The book is long, not very entertaining and it took me over three weeks to read it. I read other books in between, rarely reading as much as 100 pages at a time of The Wall. I started it when I had a stomach flu and finished it while I had bronchitis, so you see it was tough going. I had thoughts about life on planet earth being like living in a ghetto. I had other thoughts about how very difficult it is for human beings to get along, even in the same religion and about how it is the suppression certain humans perpetrate over others that makes that difficulty. I think it is important that Hersey wrote this story and was glad that I read it but it was very hard even for me who can read almost anything.


Star Money, Kathleen Winsor, Appleton-Century-Crofts Inc, 1950, 442 pp
One thing about the top 10 bestsellers in 1950 is the variety.
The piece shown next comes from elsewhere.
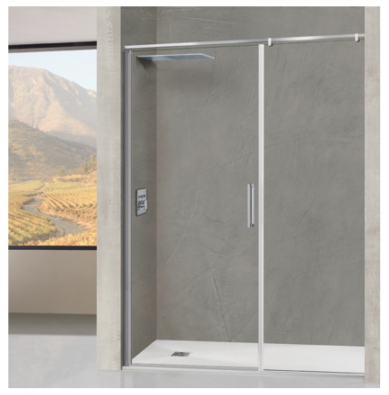 Mampara arizona frontal 1 puerta abatible+1 Fijo. Superban, Ibermampara.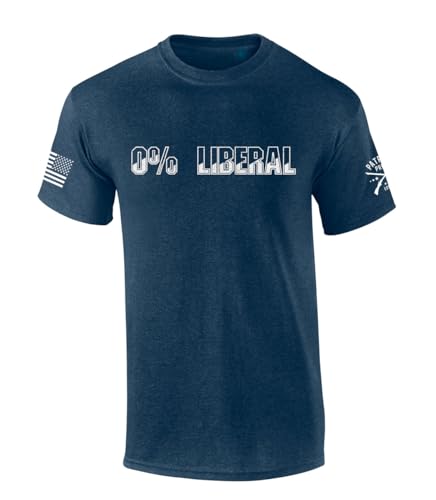 Trenz Shirt Company Mens Patriot Pride Zero 0% Liberal Political Funny Short Sleeve T-Shirt - Heather Navy - X - Large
Star Money was nothing like any of the four other books on the list so far. Winsor's second novel is half the length of Forever Amber, her 1944 bestseller, a blessing because the writing is quite bad. I suspected the story of being auto-biographical and learned that indeed it was. Forever Amber sold 3 million copies by 1949. It was banned in Boston for a while and is now considered the first bodice-ripper and a precedent for Peyton Place, not to mention other "racy" bestsellers about strong, immoral female heroines. Winsor divorced and remarried several times and was even married to Artie Shaw for a time.

In Star Money, Shireen Delaney is a bestselling author during WWII. While her husband is overseas fighting the war, she moves to NYC, sells her first novel, makes a pile of money, buys and decorates her own apartment and has several lovers. Shireen is ambitious, ruthless, self-centered, emotionally childlike and uses up men like disposable tissues. It is the emotional ridiculousness of the character that is so annoying as Winsor details Shireen's every vacillating thought. Now, I've read that sort of thing in Madame Bovary and Anna Karenina, so it isn't the vacillating so much as the lame prose of Kathleen Winsor.

On the other hand, the talent, hard work and strength of Shireen are similar to Amber's. Women, including me, will always love reading about plucky heroines and the more ethically ambiguous the better. While reading Star Money, I was disgusted and fascinated at the same time.